Channelpedia

PubMed 15743764


Referenced in: none

Automatically associated channels: Cav2.1 , Slo1



Title: Specific kinetic alterations of human CaV2.1 calcium channels produced by mutation S218L causing familial hemiplegic migraine and delayed cerebral edema and coma after minor head trauma.

Authors: Angelita Tottene, Francesca Pivotto, Tommaso Fellin, Tiziana Cesetti, Arn M J M Van Den Maagdenberg, Daniela Pietrobon

Journal, date & volume: J. Biol. Chem., 2005 May 6 , 280, 17678-86

PubMed link: http://www.ncbi.nlm.nih.gov/pubmed/15743764


Abstract
Mutation S218L in the Ca(V)2.1 alpha(1) subunit of P/Q-type Ca(2+) channels produces a severe clinical phenotype in which typical attacks of familial hemiplegic migraine (FHM) triggered by minor head trauma are followed, after a lucid interval, by deep (even fatal) coma and long lasting severe cerebral edema. We investigated the functional consequences of this mutation on human Ca(V)2.1 channels expressed in human embryonic kidney 293 cells and in neurons from Ca(V)2.1 alpha(1)(-/-) mice by combining single channel and whole cell patch clamp recordings. Mutation S218L produced a shift to lower voltages of the single channel activation curve and a consequent increase of both single channel and whole cell Ba(2+) influx in both neurons and human embryonic kidney 293 cells. Compared with the other FHM-1 mutants, the S218L shows one of the largest gains of function, especially for small depolarizations, which are insufficient to open the wild-type channel. S218L channels open at voltages close to the resting potential of many neurons.
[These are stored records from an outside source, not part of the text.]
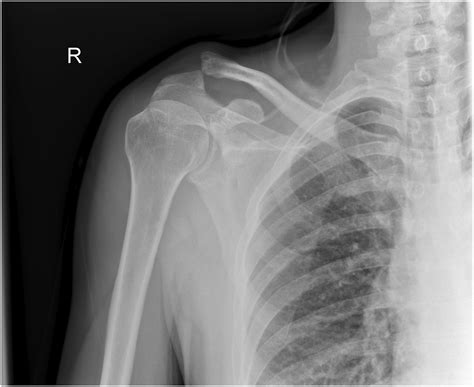 Concomitant Coracoid Base Fracture And Acromioclavicular Joint Disruption A Series Of Patients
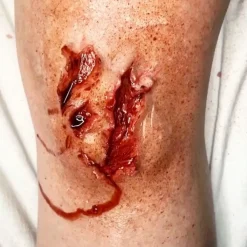 ForensicFX Studios Trauma Wounds Prosthetic Bundle><noscript><img width=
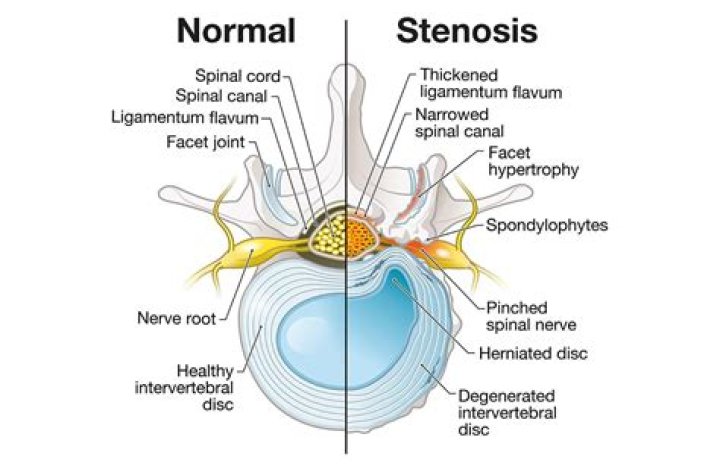 Where do you feel spinal stenosis pain?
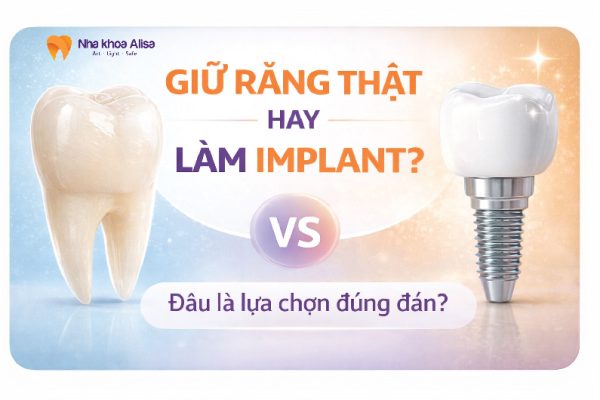 Giữ Răng Thật Hay Làm Implant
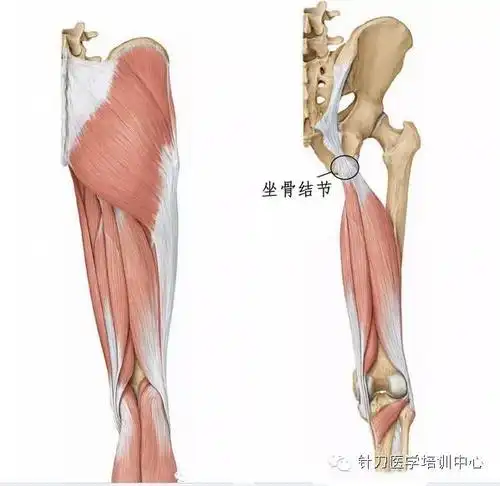 瑜伽损伤腘绳肌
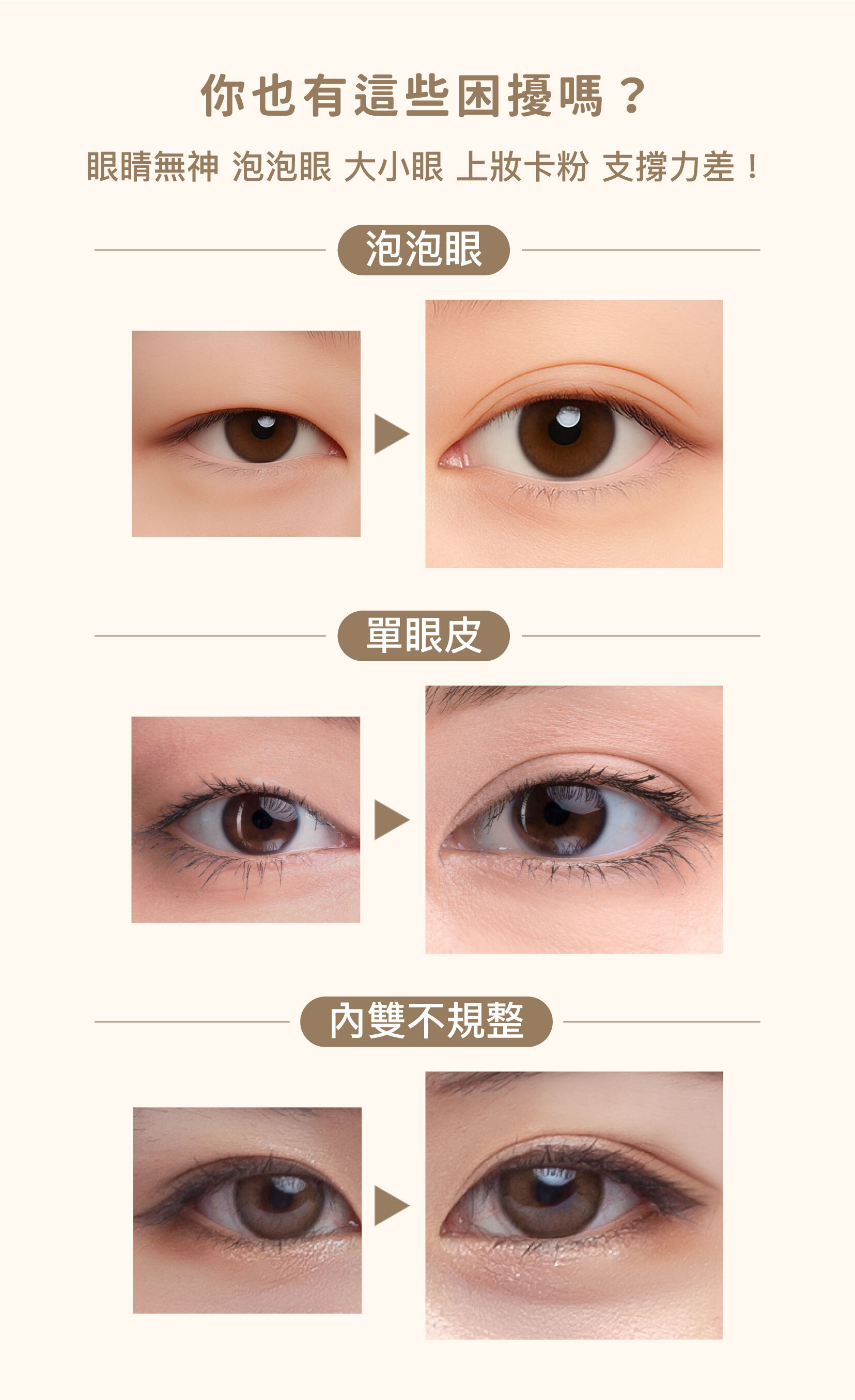 J-LIN 雙眼皮貼大眼系列（三/五/十入組）｜自然放大眼神・3M 輕薄低敏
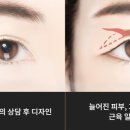 라이블리성형외과의원 이미지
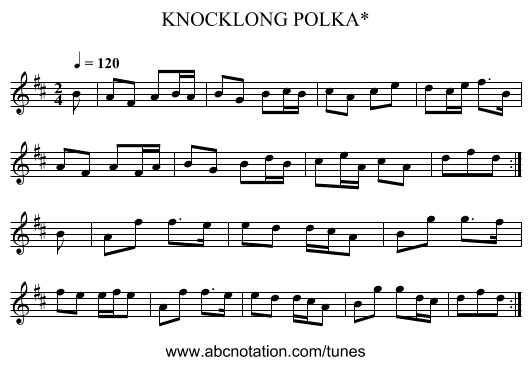 KNOCKLONG POLKA* - staff notation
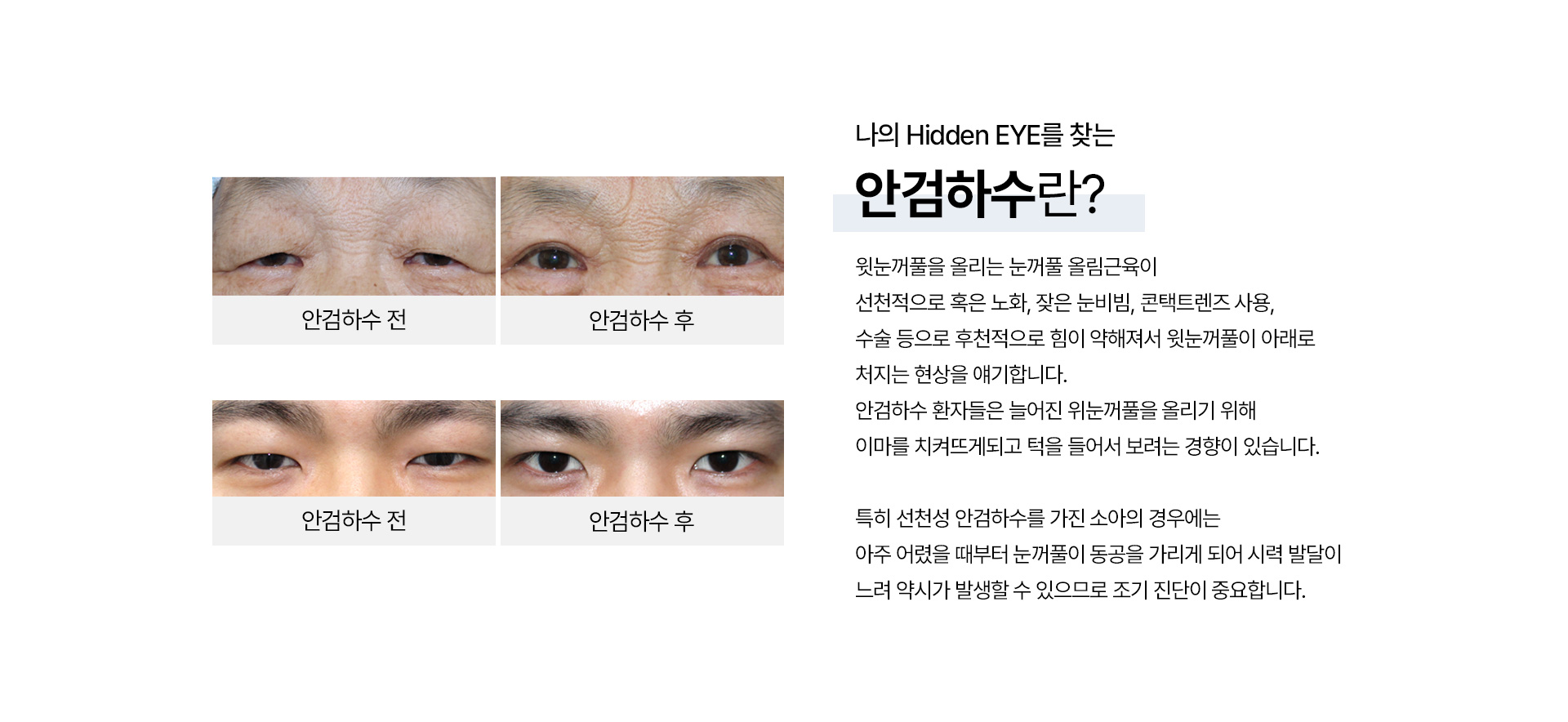 안검하수_05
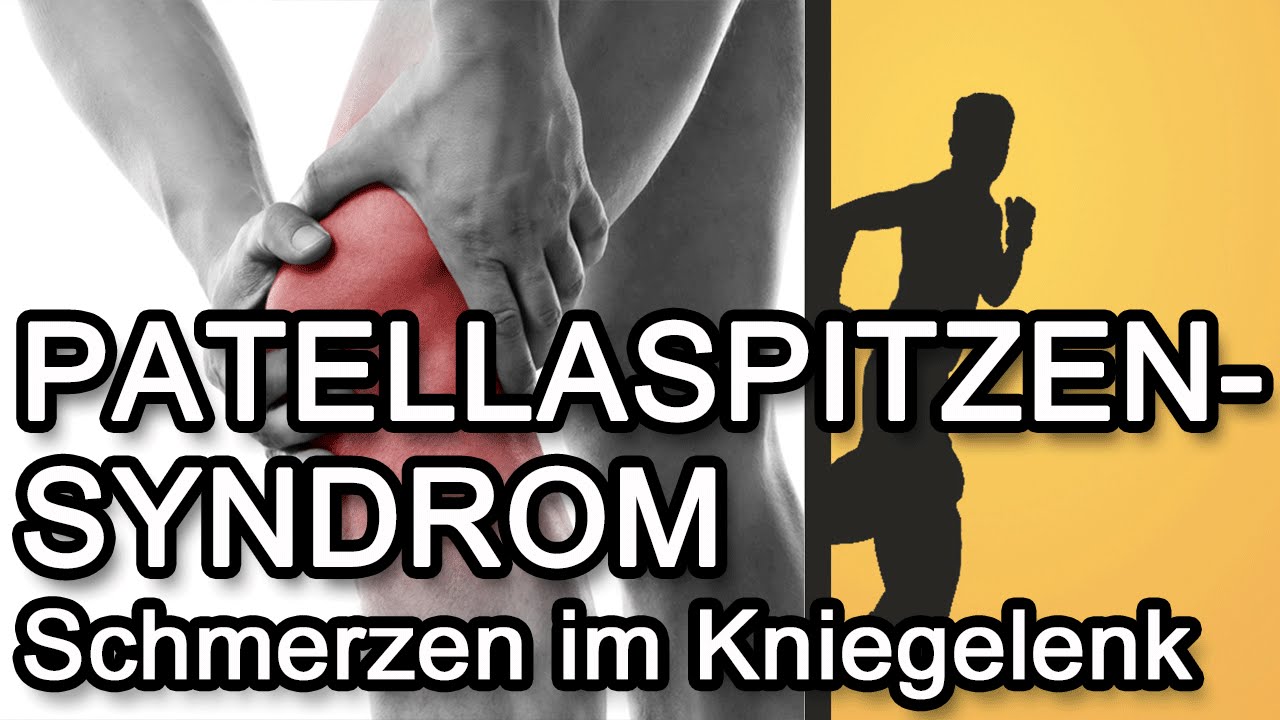 Patellaspitzensyndrom / Jumper`s Knee - Ursachen & Symptome (Teil 1)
Moreover, the S218L mutation has unique effects on the kinetics of inactivation of the channel because it introduces a large component of current that inactivates very slowly, and it increases the rate of recovery from inactivation. During long depolarizations at voltages that are attained during cortical spreading depression, the extent of inactivation of the S218L channel is considerably smaller than that of the wild-type channel. We discuss how the unique combination of a particularly slow inactivation during cortical spreading depression and a particularly low threshold of channel activation might lead to delayed severe cerebral edema and coma after minor head trauma.